The proposed rule changes are in response to legislation inspired by a legislative audit that was critical of the Division of Radiation Control’s regulation and enforcement of state laws and administrative rules, according to HEAL Utah.
“The overall tone of the audit is concern that regulators aren’t offering sufficient oversight,” said Matt Pacenza, policy director for HEAL. “Certainly the answer wouldn’t be to truncate, abridge, or otherwise speed up the oversight we do have.”
The proposed rule change for fines and time frames for rule changes were on the RCB Sept. 10 agenda for a review of public comment and discussion. They will be voted upon at a future board meeting.
The board also reviewed a petition for rulemaking submitted by EnergySolutions.
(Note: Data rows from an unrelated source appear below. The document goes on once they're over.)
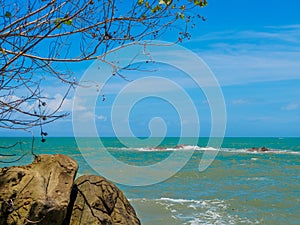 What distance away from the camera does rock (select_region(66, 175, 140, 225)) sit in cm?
623

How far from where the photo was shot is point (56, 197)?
5844 millimetres

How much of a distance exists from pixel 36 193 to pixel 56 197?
28cm

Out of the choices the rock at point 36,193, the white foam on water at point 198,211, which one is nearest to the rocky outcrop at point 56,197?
the rock at point 36,193

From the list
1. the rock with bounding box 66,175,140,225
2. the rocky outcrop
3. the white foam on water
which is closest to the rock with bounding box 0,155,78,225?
Answer: the rocky outcrop

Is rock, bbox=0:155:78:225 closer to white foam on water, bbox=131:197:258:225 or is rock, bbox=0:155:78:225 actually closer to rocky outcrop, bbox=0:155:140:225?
rocky outcrop, bbox=0:155:140:225

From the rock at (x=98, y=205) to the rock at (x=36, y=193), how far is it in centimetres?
36

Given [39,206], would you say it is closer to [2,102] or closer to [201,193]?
[2,102]

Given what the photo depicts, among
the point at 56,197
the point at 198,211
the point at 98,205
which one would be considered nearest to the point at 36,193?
the point at 56,197

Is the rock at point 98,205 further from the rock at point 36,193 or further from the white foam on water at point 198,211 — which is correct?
the white foam on water at point 198,211

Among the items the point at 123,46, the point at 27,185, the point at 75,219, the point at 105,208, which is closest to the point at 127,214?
the point at 105,208

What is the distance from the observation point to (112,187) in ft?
22.4

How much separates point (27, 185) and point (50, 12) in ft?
10.1

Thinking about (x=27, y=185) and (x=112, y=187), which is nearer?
(x=27, y=185)

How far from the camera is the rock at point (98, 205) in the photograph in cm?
623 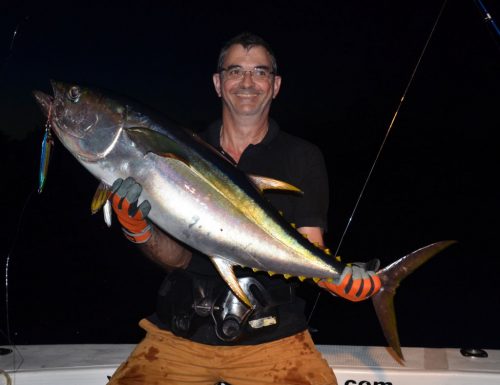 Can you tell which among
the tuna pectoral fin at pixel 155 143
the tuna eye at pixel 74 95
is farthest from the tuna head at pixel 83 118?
the tuna pectoral fin at pixel 155 143

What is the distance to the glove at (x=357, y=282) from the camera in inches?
106

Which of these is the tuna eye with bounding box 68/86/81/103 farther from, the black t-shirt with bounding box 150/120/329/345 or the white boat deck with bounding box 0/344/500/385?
the white boat deck with bounding box 0/344/500/385

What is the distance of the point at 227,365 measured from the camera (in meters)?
3.10

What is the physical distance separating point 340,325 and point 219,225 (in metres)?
8.79

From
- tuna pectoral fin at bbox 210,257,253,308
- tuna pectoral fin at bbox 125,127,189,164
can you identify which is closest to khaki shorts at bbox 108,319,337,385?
tuna pectoral fin at bbox 210,257,253,308

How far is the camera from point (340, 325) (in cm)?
1064

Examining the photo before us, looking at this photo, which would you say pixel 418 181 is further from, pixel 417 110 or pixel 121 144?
pixel 417 110

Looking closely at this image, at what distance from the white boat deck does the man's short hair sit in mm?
2186

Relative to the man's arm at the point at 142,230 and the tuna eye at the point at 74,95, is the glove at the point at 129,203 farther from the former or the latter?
the tuna eye at the point at 74,95

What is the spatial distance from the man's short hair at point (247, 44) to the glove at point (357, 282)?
5.30ft

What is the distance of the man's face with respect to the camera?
348cm

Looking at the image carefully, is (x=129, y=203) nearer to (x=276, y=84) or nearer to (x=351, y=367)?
(x=276, y=84)

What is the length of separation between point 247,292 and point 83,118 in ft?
4.72

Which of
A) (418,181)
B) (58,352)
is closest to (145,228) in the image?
(58,352) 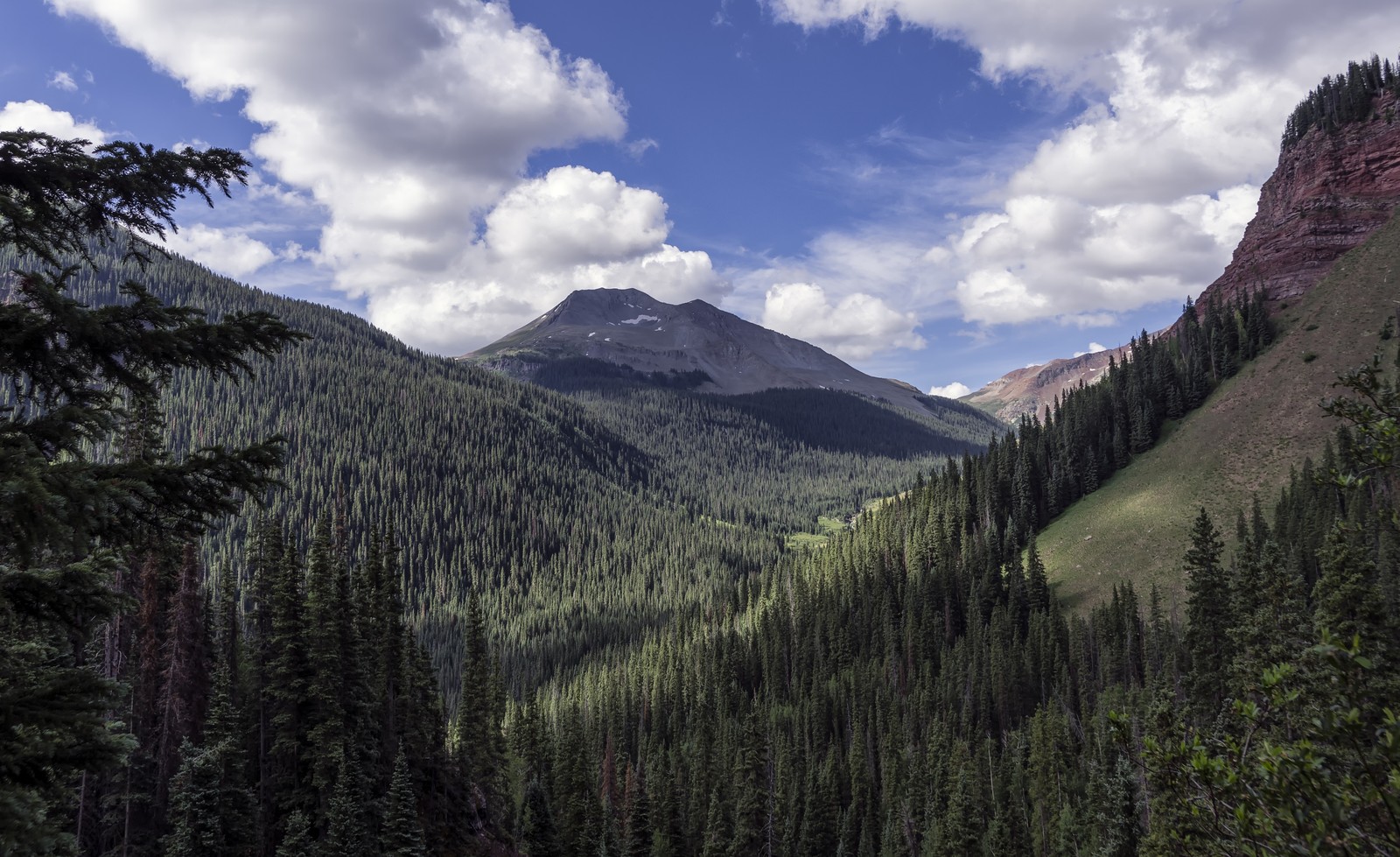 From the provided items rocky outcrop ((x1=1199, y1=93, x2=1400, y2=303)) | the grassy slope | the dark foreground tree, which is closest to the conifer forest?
the dark foreground tree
Utah code allows for interested persons to propose the making, amendment or repeal of administrative rules.
EnergySolutions submitted a request to amend the three-year old technical analysis rule, which was updated by the board in April 2013. The rule requires a site-specific performance assessment, and approval by the director of the DRC, before accepting unanalyzed waste streams.
While the rule was invoked to require a performance assessment for depleted uranium and large amounts of processed-blended Class A low-level radioactive waste at Clive, EnergySolutions’ proposed amendment will not affect those decisions, according to Mark Walker, EnergySolutions vice president of marketing and media relationships.
“The primary change requested by EnergySolutions is to change the word “or” at the end of Rule 313-25-8(1a) to “and,” he said. “When R313-25-8 was modified a few years ago, the text at R313-25-8(1a) stated ‘and.’ During the course of discussion, it was proposed that the ‘and’ be changed to ‘or.’ There is a significant difference between “and” and “or” in this matter. We have requested that the “and” be returned.”
EnergySolutions proposed a new section be added at the end of the rule that clarifies its purpose in proposing the word change.
The new paragraph includes language that states that an applicant or licensee can’t be required to conduct a performance assessment prior to accepting radioactive waste that was included in the analyses of the draft environmental impact statement submitted as part of its licensing requirements with Nuclear Regulatory Commission regulations.
“The use of the ‘or’ meant we had to meet all of the criteria, when in reality, we only needed to show that the waste was considered in the development of the limits on Class A waste and was included in the analyses of the DEIS,” said Walker.
The petition letter from EnergySolutions suggests that the way the rule is currently written, it is more stringent than corresponding federal rules, something state law prohibits.
The Radiation Control Board formed a subcommittee to review the request for the rule change. The board has 80 days from the day the request was submitted, which was Aug. 23, to either deny the petition or initiate rule making proceedings, according to state code.
To comply with the timeline the subcommittee will report back to the full board at its October meeting.